Second, Churchill was a man of recovery. He was tenacious, dogged, resilient. He just wouldn’t quit. The story of Churchill leaving the Conservatives to become a Liberal only to leave the Liberals to become a Conservative again is extraordinary especially given the fact that the Conservatives invited him back in. Why? Because they realized he was too great a threat when he ran as “a Party of One” and nearly defeated a Conservative in a solid Tory constituency. Whether truly attributable or apocryphal, Churchill’s line is fitting that, “Success is the ability to go from failure to failure without losing your enthusiasm.” Whether it was climbing back from great political falls or struggling with the approval he could never gain from his father, Churchill would maintain his enthusiasm. He was not to be denied.

Third, Churchill knew what he believed in. It is not to say that he didn’t shave a little here or even blatantly reverse course there, but he was convinced that there was Right and Wrong, and that Right was worth fighting for. He understand the role and danger of both unchecked idealism and dispassionate pragmatism. And he never wandered far from the vital need to preserve civilization that is rooted in human dignity and freedom. Was he a King’s imperialist? Absolutely. But, rightly or wrongly and with its imperfections, his imperialistic notion was rooted primarily in what he considered the civilizing and liberating influences of English common law and culture upon peoples who had yet to encounter and flourish under it.

Finally, Churchill felt called. After Churchill had died and his son (and soon Martin Gilbert) was collecting data on his father’s life, a schoolmate of Churchill’s volunteered a story from their shared teenage youth in a headmaster’s basement. As they discussed their respective futures, Churchill spoke of dreams he had in which the English island would be under attack in an onslaught unparalleled in history. As the schoolmate listened wide-eyed to Churchill’s preposterous dream, the young Winston confided that London would be under terrible threat and it would rest upon Churchill to deliver it. Though the dreams were vague upon further questioning, the certainty remained: England would be under great attack and Churchill would save it. When Churchill began building the case for action against the rising Nazi state and ultimately accepted the Prime Ministership, he seemed to almost anticipate that there would be a Battle of Britain, a Blitz of London, harrowing evacuations of Dunkirk and setbacks in the alliances. But what was clear, was that England must not quit, England would win and he would be indispensable to that end. And his speeches calling citizens to greatness (“If the British Empire and its Commonwealth last for a thousand years, men will still say, ‘This was their finest hour.'”), to courage  (“We shall not flag or fail.”) and tenacity (“If this long island story of ours is to end at last, let it end only when each one of us lies choking in his own blood upon the ground.”) spoke to the certainty of success. And it was a certainty informed by prophetic childhood dreams. It was a certainty informed by calling.

Indeed.

Two British Conservative leaders, both opposed to Hitler, were drastically different. Drastically. And the clear difference if one would have served the fullness of war instead of the other is quite simply chilling.

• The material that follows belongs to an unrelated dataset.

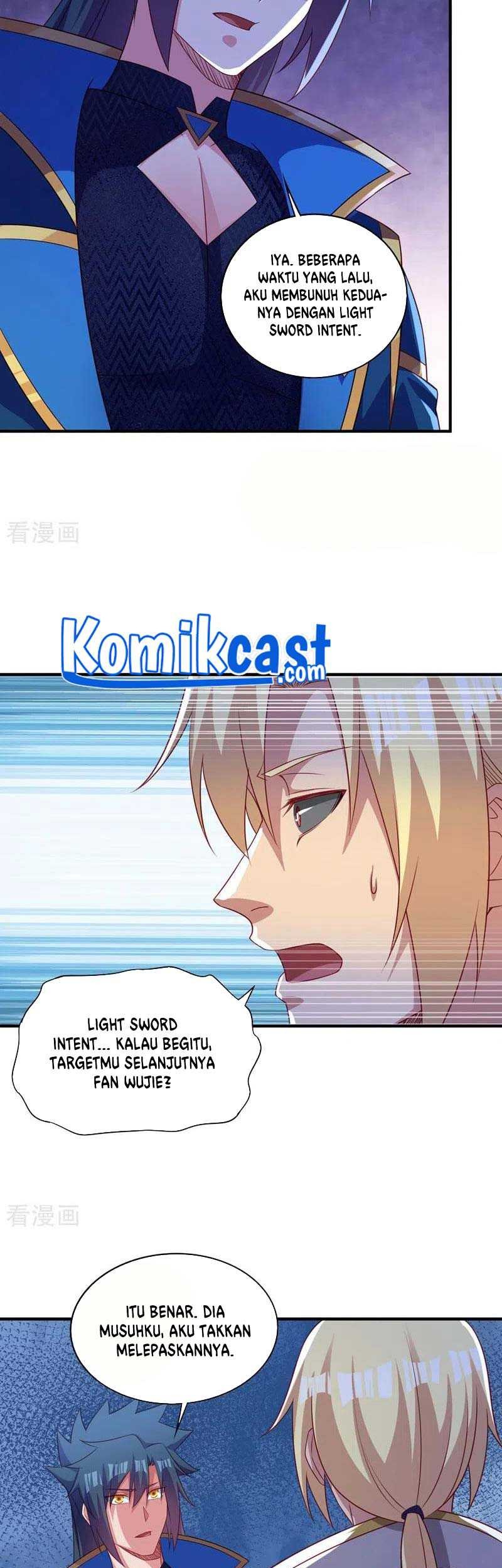 Spirit Sword Sovereign Chapter 478 Gambar 22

So what did Winston Churchill – this distant British figure who has been dead for over fifty years – teach me about leadership?

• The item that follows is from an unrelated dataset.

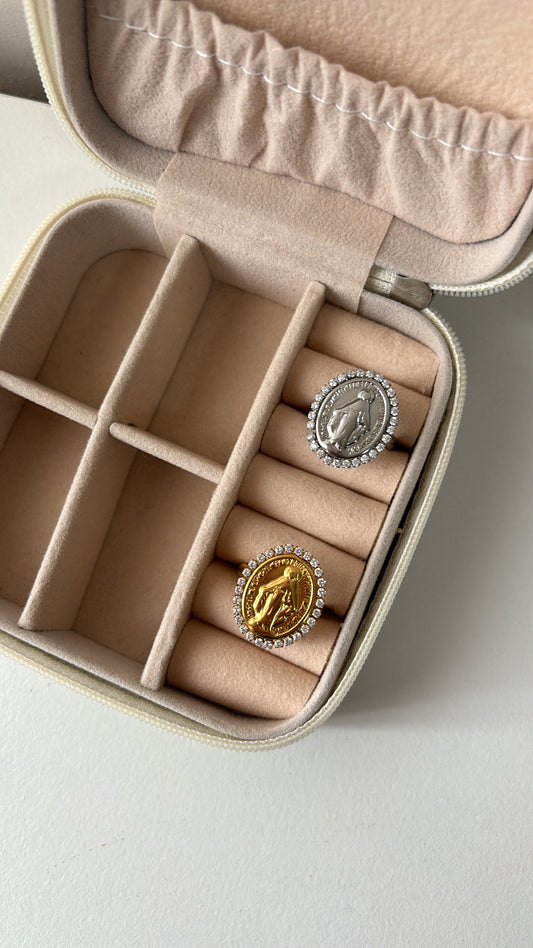 Anello madonnina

That if leadership is misguided or derelict, uninspired or plainly discouraging, it is important that we become leaders. That if the wilderness is encroaching, it is even more important that we make our voices heard. That it is vital upon failing (yes, we will fail) to get back up. That it is essential when asked our beliefs, that we can thoughtfully, eloquently and confidently articulate them. And that we hear the call to discern Right from Wrong and remember that Right is always worth fighting for.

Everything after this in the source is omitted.